Running this will detect our collisions but not modify any dynamics like force computation or integration.

Instead, it will emit contact events which we can react to through query pipelines.

The query pipeline

Queries are how we ask about our colliders. These pipelines can be used to ask questions such as:

Did the bullet fired by the player hit someone?

When the bullet collided what direction should it ricochet to?

Which objects in my game are in a particular area?

These queries are separate from our simulation. They will not actually affect the simulation by moving rigid bodies or applying integration forces.
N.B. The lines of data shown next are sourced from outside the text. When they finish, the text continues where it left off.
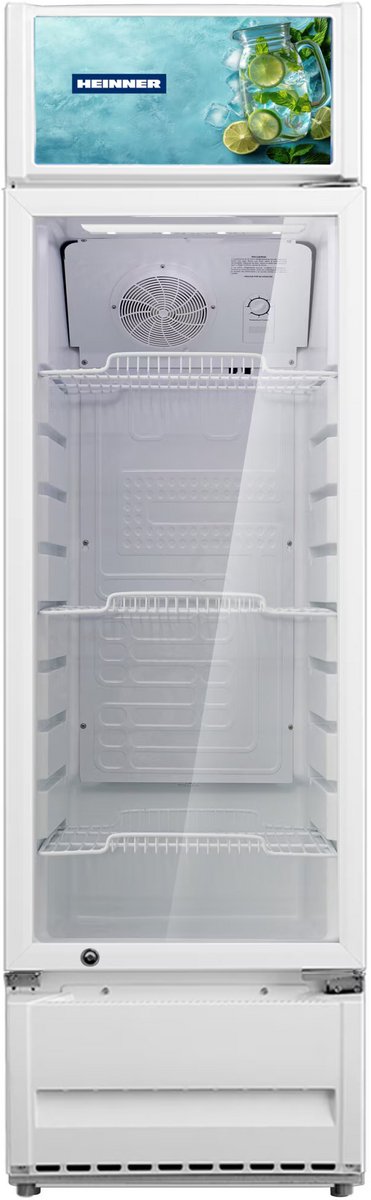 Heinner HSC-M213WHB Drankenkoelkast – Vrijstaande Koelkast met Glazen Deur – 213 L – 204 Flessen – Ventilatorkoeling – LED-verlichting – Instelbare Thermostaat – 3 Legplanken – Deurslot – Wit – 5 Jaar Garantie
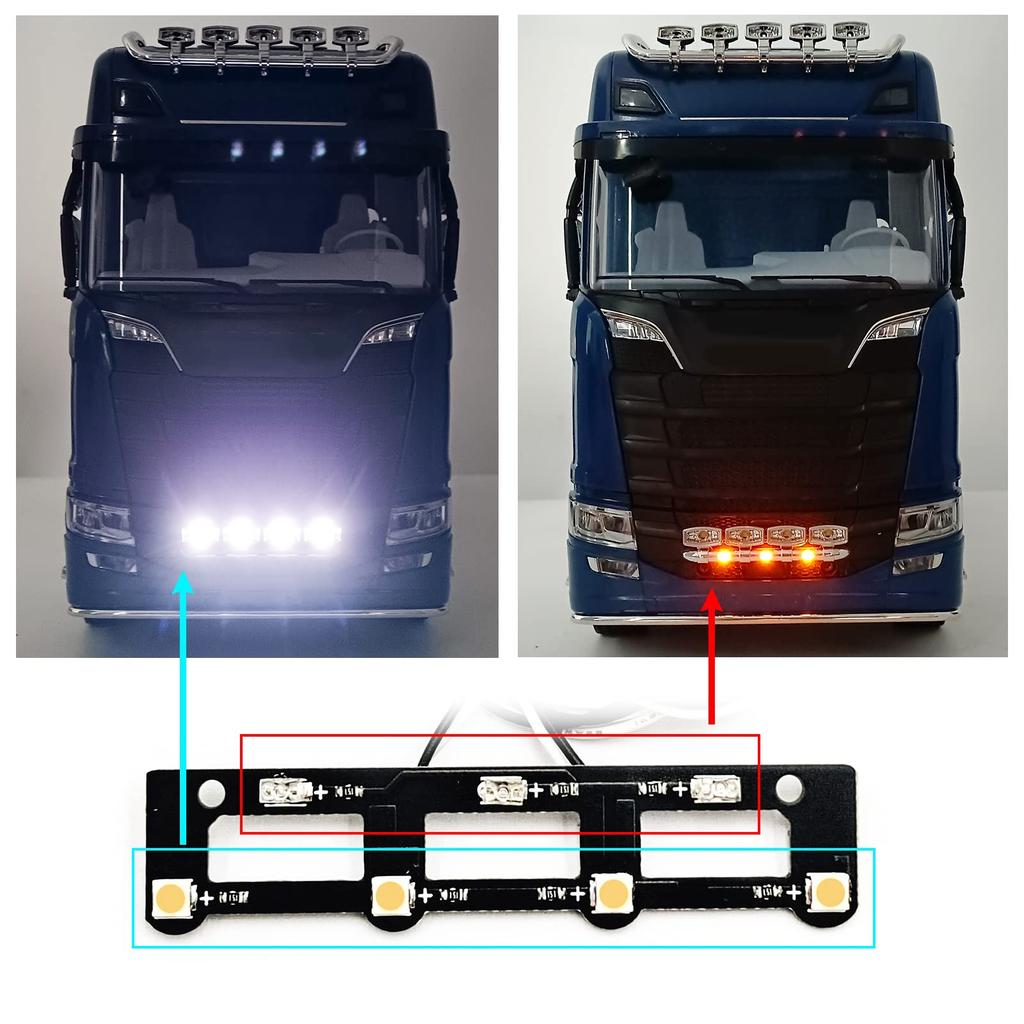 TRZX RC LED Spotlight Headlight for 114 Scale RC Tamiya Scania 770S 6x4 56368, 8x4 56371 Tractor Truck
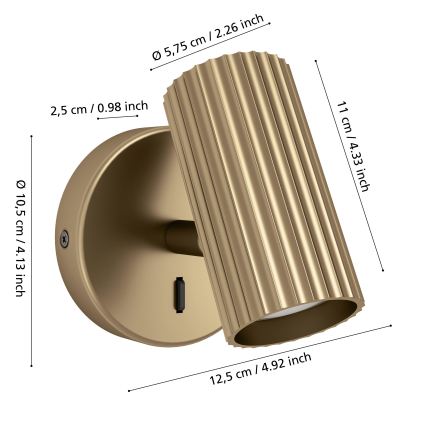 Eglo - Applique murale spot 1xGU10/5W/230V dorée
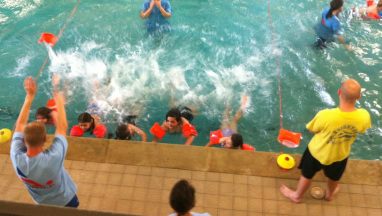 School swimming lesson in progress at Brighton Swimming Centre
So we can run them separate from our physics pipeline, even multiple times in the same simulation frame if we need to.

We keep our query pipeline updated by running it after our simulation:

physics_pipeline.step(..)
query_pipeline.update(&collider_set);
// Now we can read the results of the physics simulation,
// and we can do advanced scene queries on the colliders.

After updating we can use our query pipeline to query. For example lets cast a ray and find its collision point if there is one:

let ray = Ray::new(point![1.0, 2.0], vector![0.0, 1.0]);
let max_time_of_impact = 4.0;
let solid = true;
let filter = QueryFilter::default();

// Find the first ray intersection
if let Some((handle, time_of_impact)) = query_pipeline.cast_ray(
  &rigid_body_set,
  &collider_set,
  &ray,
  max_time_of_impact,
  solid,
  filter,
) {
  // The first collider hit has the handle `handle` and it hit after
  // the ray travelled a distance equal to `ray.dir * time_of_impact`.
  let hit_point = ray.point_at(time_of_impact); // Same as: `ray.origin + ray.dir * time_of_impact`
  println!("Collider {:?} hit at point {}", handle, hit_point);
}

Or we could enumerate over all the collisions:

// Enumerate all ray intersections
query_pipeline.intersections_with_ray(
  &rigid_body_set,
  &collider_set,
  &ray,
  max_time_of_impact,
  solid,
  filter,
  |handle, intersection| {
    // Callback called on each collider hit by the ray.
    let hit_point = ray.point_at(intersection.time_of_impact);
    let hit_normal = intersection.normal;
    println!(
      "Collider {:?} hit at point {} with normal {}",
      handle, hit_point, hit_normal
    );
    true // Return `false` instead if we want to stop searching for other hits.
  },
);

Simulating physics in Bevy with Rapier

So now we know how the core of Rapier works in any game context we want.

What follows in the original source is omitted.